Other bugs are equally frustrating. For example, after installing a completely legal MSDN version of Windows 7 Ultimate, with keys from Microsoft, activated and operating for a few months, Microsoft released an optional hotfix to determine if your specific instance of Windows had been illegally activated. Since mine were not, I installed the patch on a couple systems that I had running at the time. After restarting, they were flagged as counterfeit copies. After calling, Microsoft double checked the keys and could not determine why they were being flagged as counterfeit. So, I had to manually remove the hotfix to get my legal copies of Windows 7 working normally again. Moreover, I then had to set all the computers to not automatically download updates because with Windows 7, you are forced to install downloaded updates when shutting down. You cannot bypass it as you could in Vista. This “problem” resulted in my having to unplug the systems that had downloaded the updates so that they wouldn’t install the broken hotfix.
7. Taskbar & Explorer changes
The Windows 7 taskbar is subjective. Some people like it just fine, and some detest it. I fall in the middle. I find the auto-grouping to look nice, but irritating as it slows me down. I find the missing quicklaunch, and the auto-hidden systemtray icons problematic, but we’ve already discussed that.

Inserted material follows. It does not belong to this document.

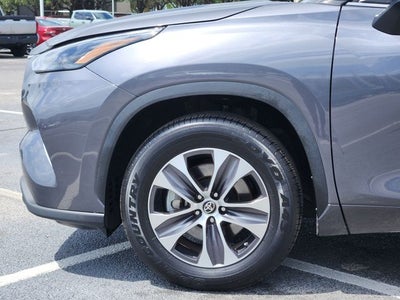 2023 Toyota Highlander Hybrid XLE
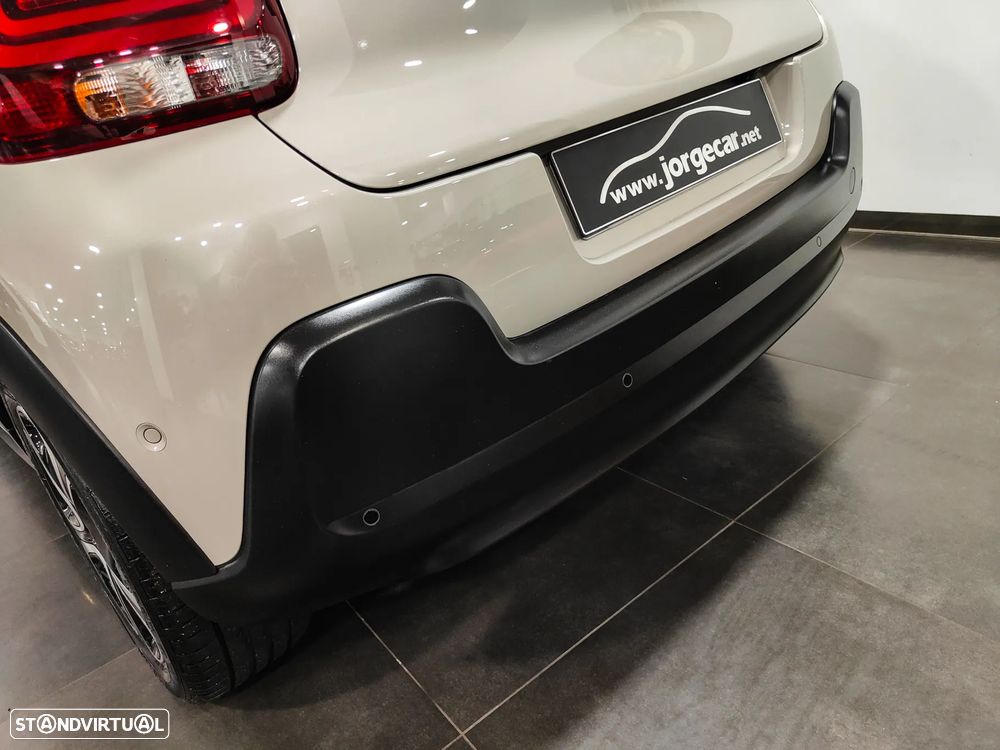 Citroën C3 1.2 PureTech Shine EAT6 - 25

The “Lock” button on the start menu is missing in 7. It is now located under the “>” arrow to the right of Shut down. There’s no particular reason for this change that I can see. The “change view” button is unintuitively* located on the right side of the Explorer window, rather than on the left as in Vista. No reason I can think of as to why this was changed, and there’s no ability to customize it.
The Windows Calendar is gone from Windows 7. It came with Vista, but they removed it — but you can go out of your way and download it with Windows Live Essentials.
AeroShake. Arguably, AeroPeek and AeroSnap are useful, but AeroShake simply hides all background windows when you “shake” a foreground window. This often happens to me by mistake, and I find it irritating. It can be disabled, but it’s too technical for your average user. Moreover, why are these features OS specific? They could easily be appended to Vista, but Microsoft chooses to make them 7-only, as if they are a reason to “upgrade” your operating system (kinda like Siri on the 4S).
More importantly, sortable column headings only appear in Details view, now. There is no way to change this back.
The bottom line is: where’s the upgrade? All I am seeing here are minor changes, missing features, screwed up search, bugs that never get fixed, and other annoyances. Why on earth is this operating system still being priased so much over Vista?
I’d like to see 7 reasons why Windows 7 is an improvement over Vista (SP2).